In the 21st century where we navigate the tricky intersection of analogue and digital communication, the generation gap is used as a way to explain the relative adaptation of different groups to digital communication tools. We live in a complex world. The global nature of business, afforded by technology, means that our workplaces are culturally and socially diverse and can have up to five generations working side-by-side.
While it has been standard practice to categorize employees or consumers by birth year and attendant behavioural typecasting, new research indicates that this method fails to address what it is that we truly have in common and what really drives our behaviour.
In his book, We Are All the Same Age Now: Valuegraphics, The End of Demographic Stereotypes (Lioncrest Books 2018), Vancouver author and consultant David Allison draws on big data to debunk what he sees as the outdated and inaccurate labels that result from demographic stereotyping. Allison conducted more than 500,000 surveys and found that globally Baby Boomers (for example) agree on something just 16% of the time. Similar numbers hold true for Gen X, Gen Z, and Millennials. The science simply doesn’t support predicting behaviour based on age grouping. Says Allison, “When you ask people what they care about—their shared core values, you get almost the complete inverse, 89% alignment.” It is not our age, but rather our values that determine alignment. Allison also warns against an insidious side-effect of what he calls “demographic shaming” which can promote ageism in the workplace.

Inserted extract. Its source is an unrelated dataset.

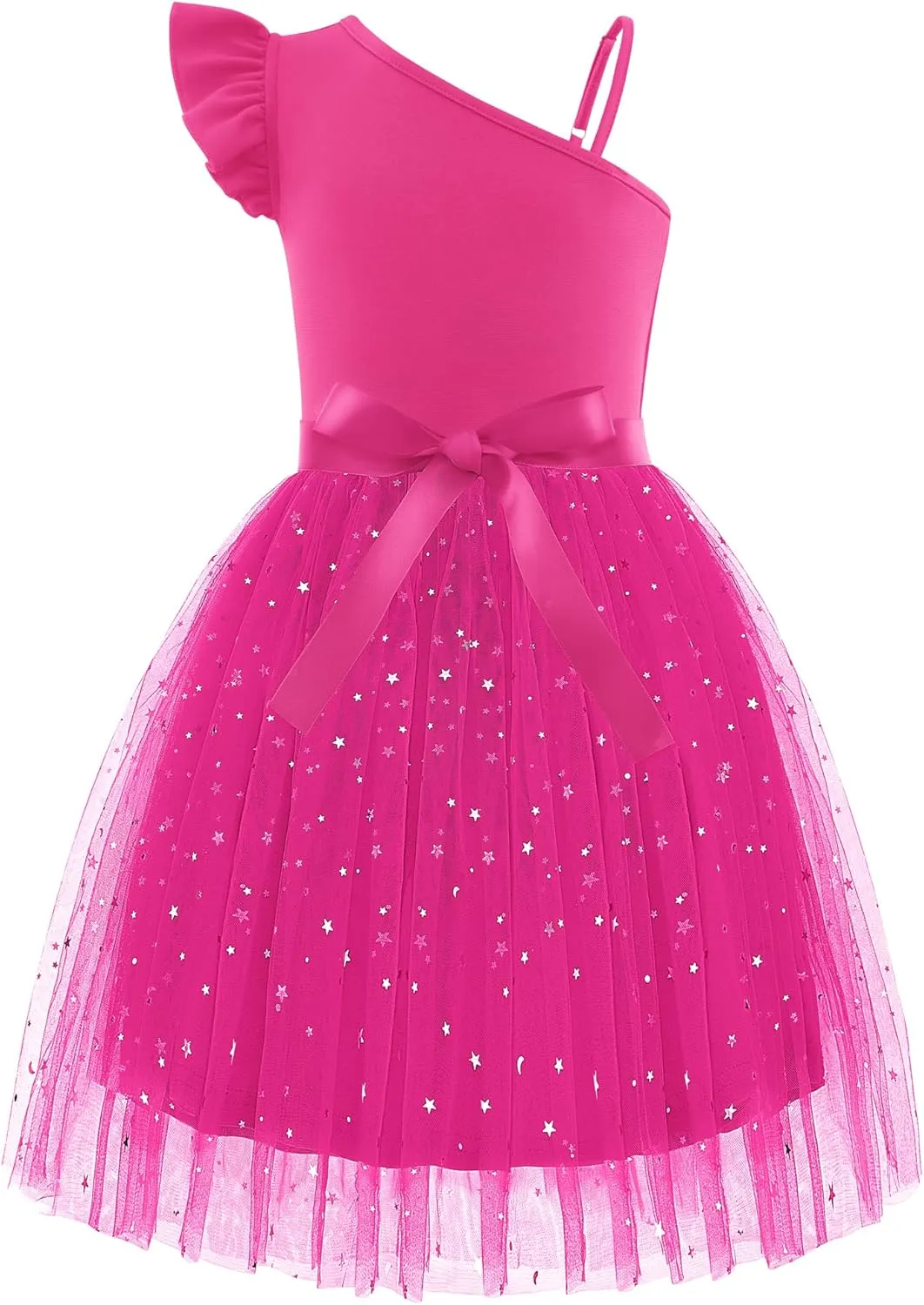 Arshiner Girls Dresses Summer One Shoulder Ruffle Sleeveless Formal Fancy Party Birthday Tulle Dress with Belted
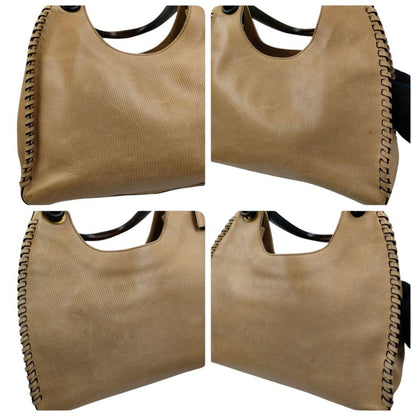 GUCCI Hand Bag Tote Purse Leather Beige Authentic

Says Allison, “We might think it’s harmless calling each grumpy old men, crazy old ladies, or young punks, but the truth is, each of these insults reinforces notions about each other that are harmful, and those harmful notions are the basis for ageist practices. At its core, ageism is an attitude built around a set of faulty beliefs about a group of people who share nothing in common except their age.”
Despite including generation gap research into much of my written work, I’ve never been fully comfortable defining individuals by groupings. As Kristen Neff says in her book, Self-Compassion: The Proven Power of Being Kind to Yourself (HarperCollins 2015) “As long as we’re identifying with subsets of people rather than the entire human race, we’re creating divisions that separate us from our fellows.” In his work, Allison urges us to rethink these categories. “We have to stop using demographic labels to paint each other with broad brushes. The findings from our Valuegraphics database prove that there is no brush. Age, gender, income, marital status, education, number of kids—none of it indicates any kind of similarity. We’re all the same age now. Some of us just haven’t figured that out yet.”